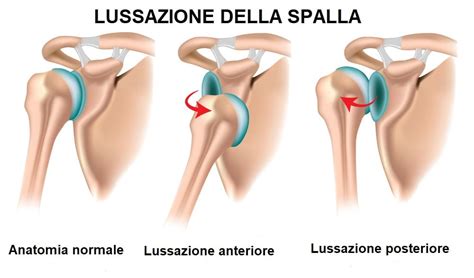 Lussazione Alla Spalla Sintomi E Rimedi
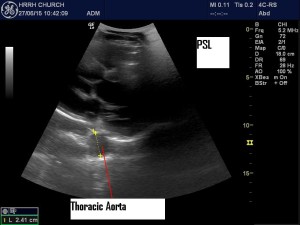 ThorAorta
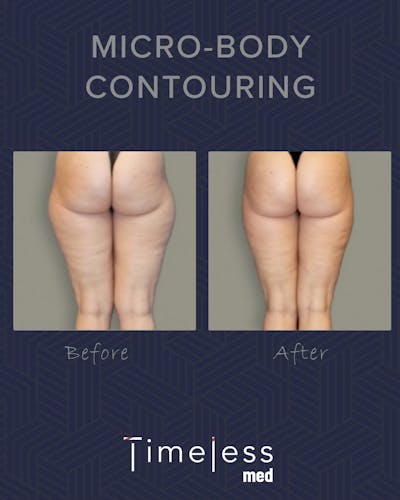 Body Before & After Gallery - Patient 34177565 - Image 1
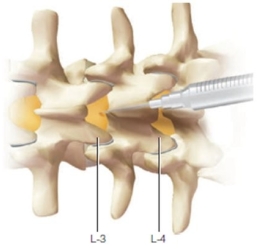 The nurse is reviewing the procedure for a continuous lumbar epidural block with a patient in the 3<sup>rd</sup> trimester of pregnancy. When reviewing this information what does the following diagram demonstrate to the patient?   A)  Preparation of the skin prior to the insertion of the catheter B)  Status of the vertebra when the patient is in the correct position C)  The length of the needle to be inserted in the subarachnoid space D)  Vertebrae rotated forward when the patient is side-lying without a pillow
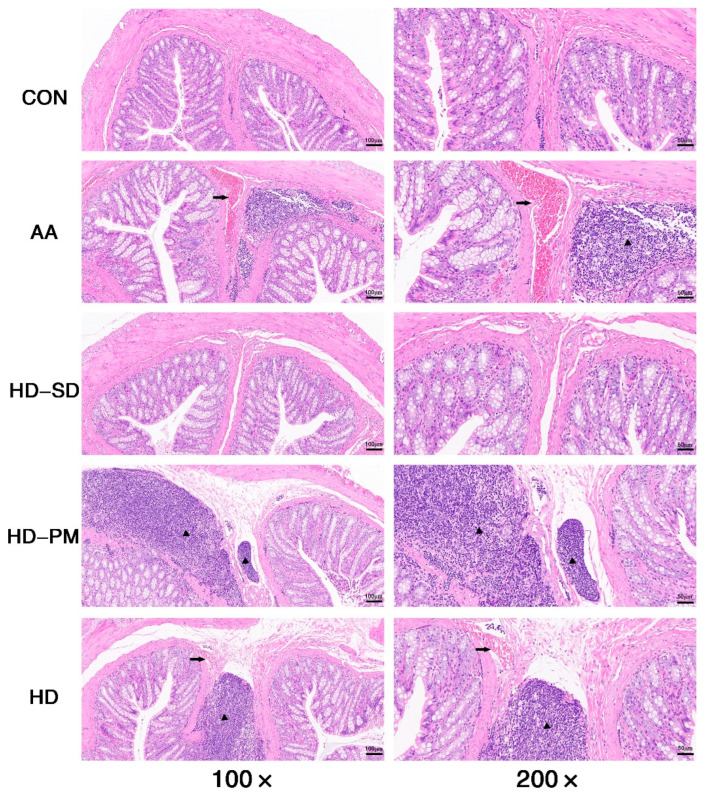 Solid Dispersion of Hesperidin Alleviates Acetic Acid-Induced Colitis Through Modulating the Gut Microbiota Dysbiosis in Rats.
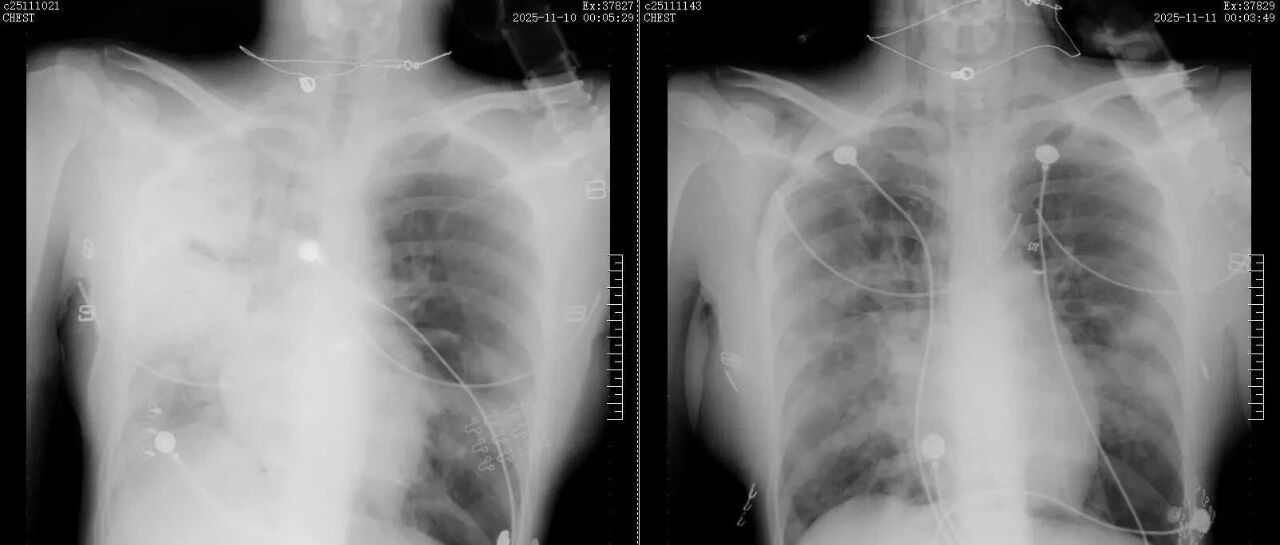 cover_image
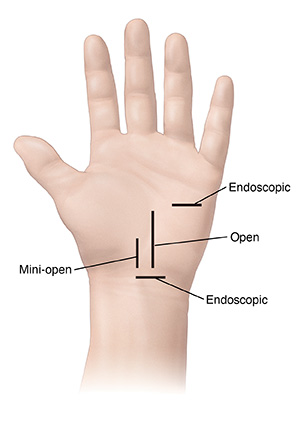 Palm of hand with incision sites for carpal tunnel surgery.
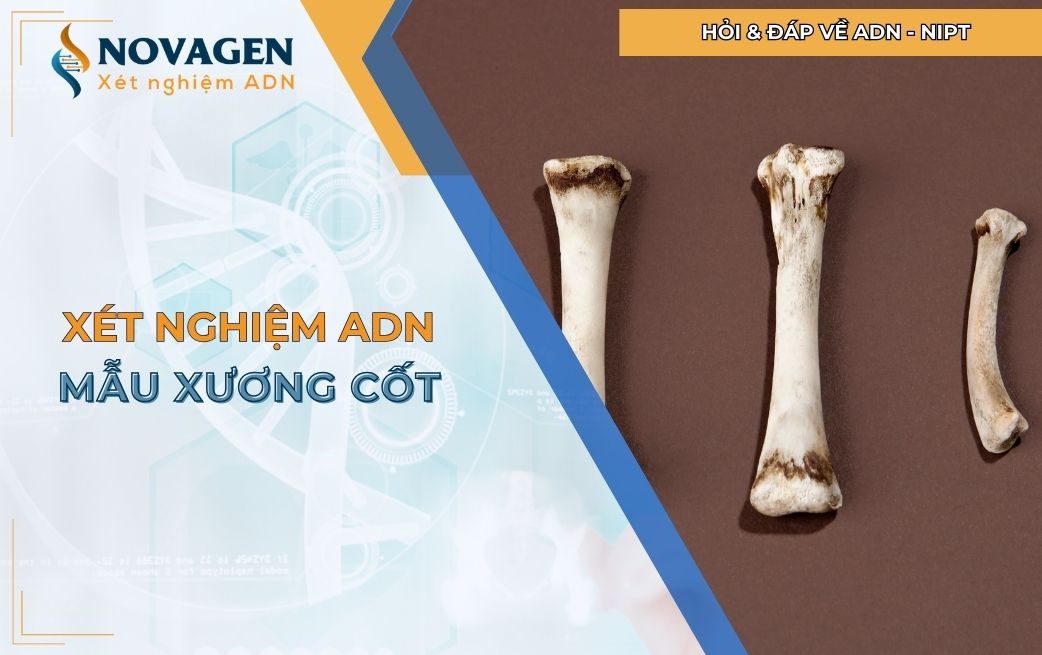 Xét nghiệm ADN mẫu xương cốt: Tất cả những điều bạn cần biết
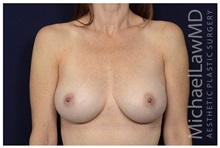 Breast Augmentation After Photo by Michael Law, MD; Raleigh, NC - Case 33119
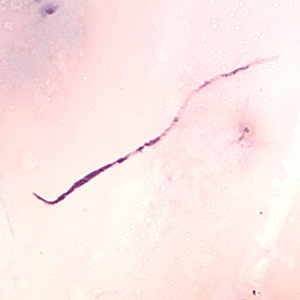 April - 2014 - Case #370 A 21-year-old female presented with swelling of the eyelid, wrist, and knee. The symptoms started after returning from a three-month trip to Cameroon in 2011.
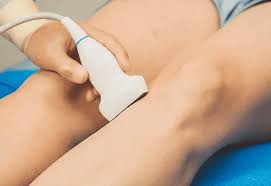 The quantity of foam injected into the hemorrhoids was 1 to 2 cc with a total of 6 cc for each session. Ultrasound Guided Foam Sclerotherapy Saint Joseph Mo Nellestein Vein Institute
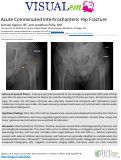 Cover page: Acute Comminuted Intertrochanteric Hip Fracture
* * * *
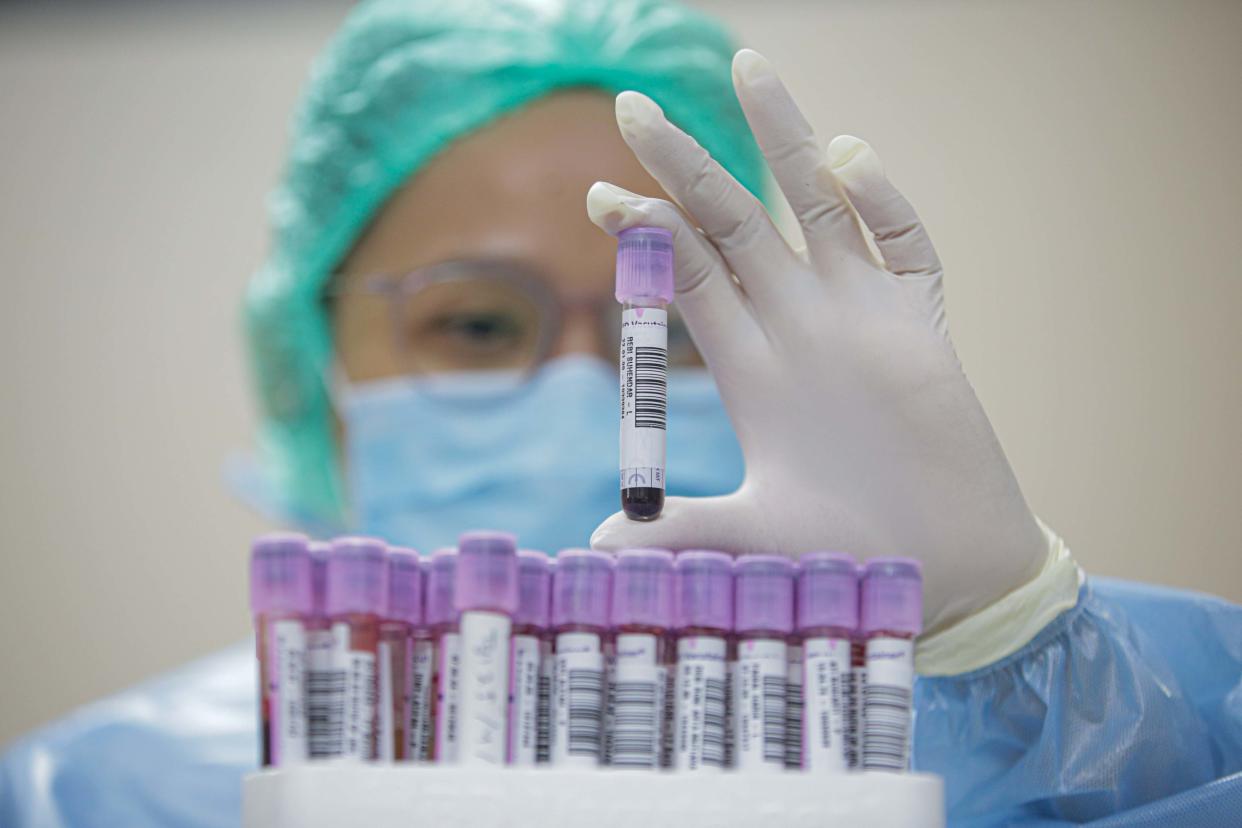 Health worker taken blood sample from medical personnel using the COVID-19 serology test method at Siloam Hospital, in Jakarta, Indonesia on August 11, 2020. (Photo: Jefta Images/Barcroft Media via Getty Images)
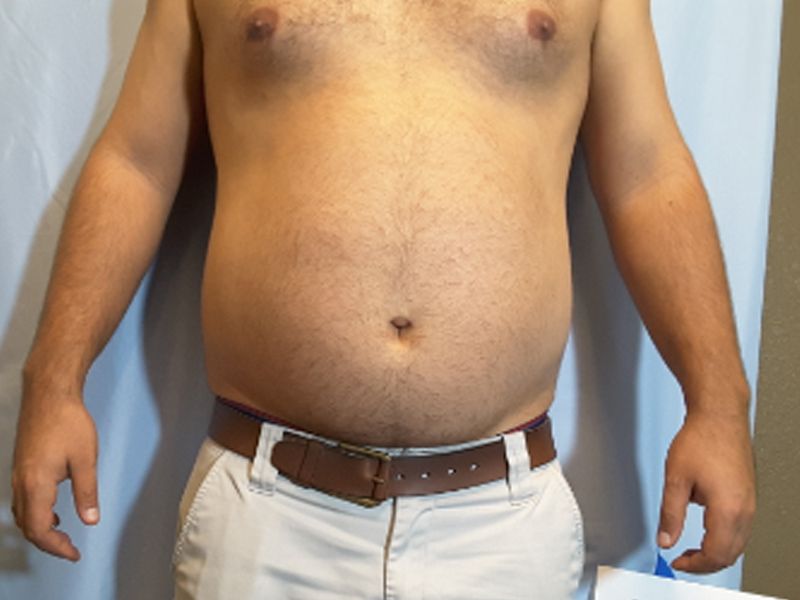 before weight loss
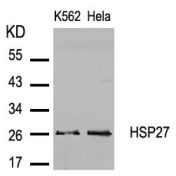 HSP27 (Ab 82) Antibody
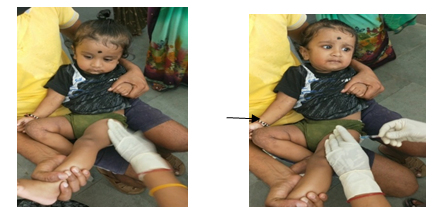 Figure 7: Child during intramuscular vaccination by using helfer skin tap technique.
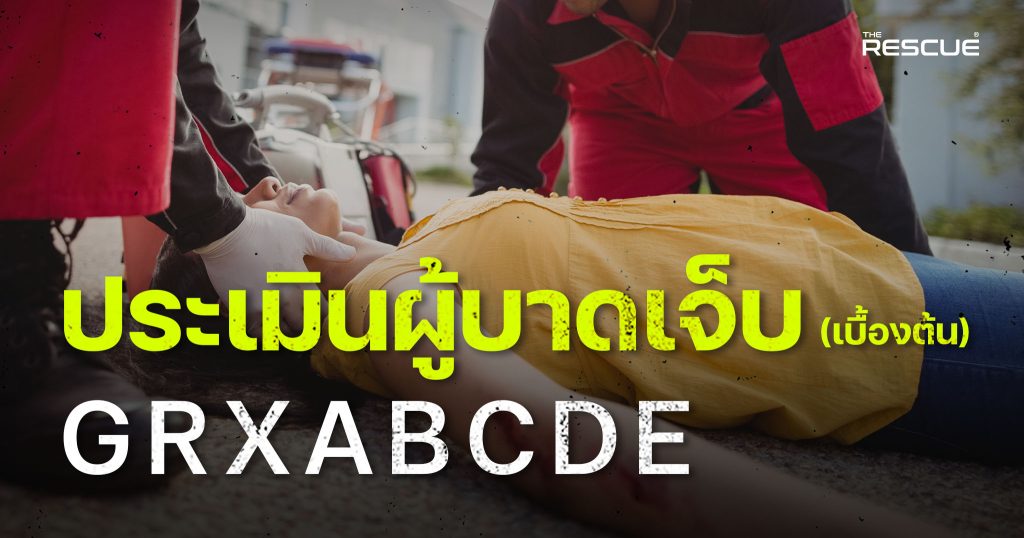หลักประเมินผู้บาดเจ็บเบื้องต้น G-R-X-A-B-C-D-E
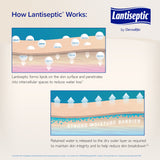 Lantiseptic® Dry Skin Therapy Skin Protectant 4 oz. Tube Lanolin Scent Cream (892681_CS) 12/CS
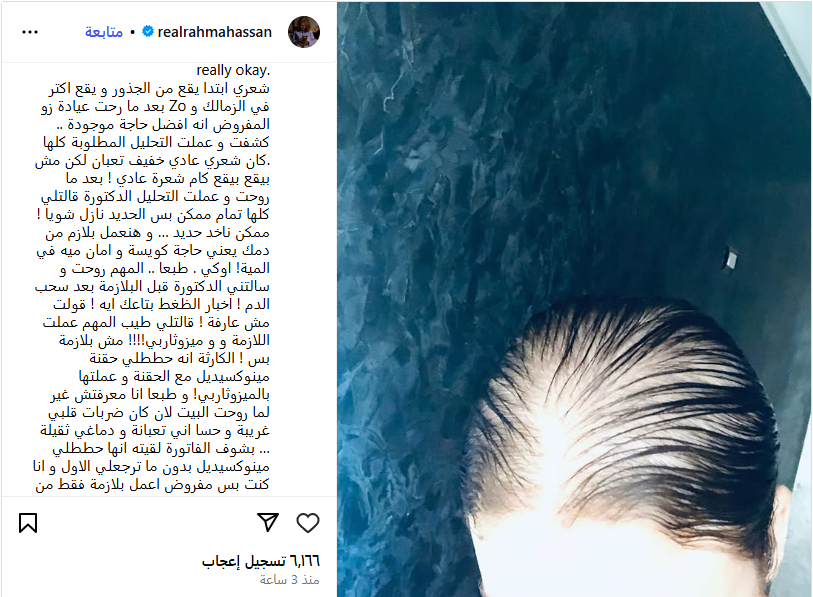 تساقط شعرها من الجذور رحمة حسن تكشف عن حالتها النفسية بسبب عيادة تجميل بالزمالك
* * * *
* _ACTIVITY_:
Everything from the line with "Lussazione Alla Spalla Sintomi E Rimedi" down to the line with "Body Before &" in the data above should be copied exactly, with both end lines kept and the pictures left out.

* _FINISHED EXERCISE_:
 Lussazione Alla Spalla Sintomi E Rimedi
 ThorAorta
 Body Before & After Gallery - Patient 34177565 - Image 1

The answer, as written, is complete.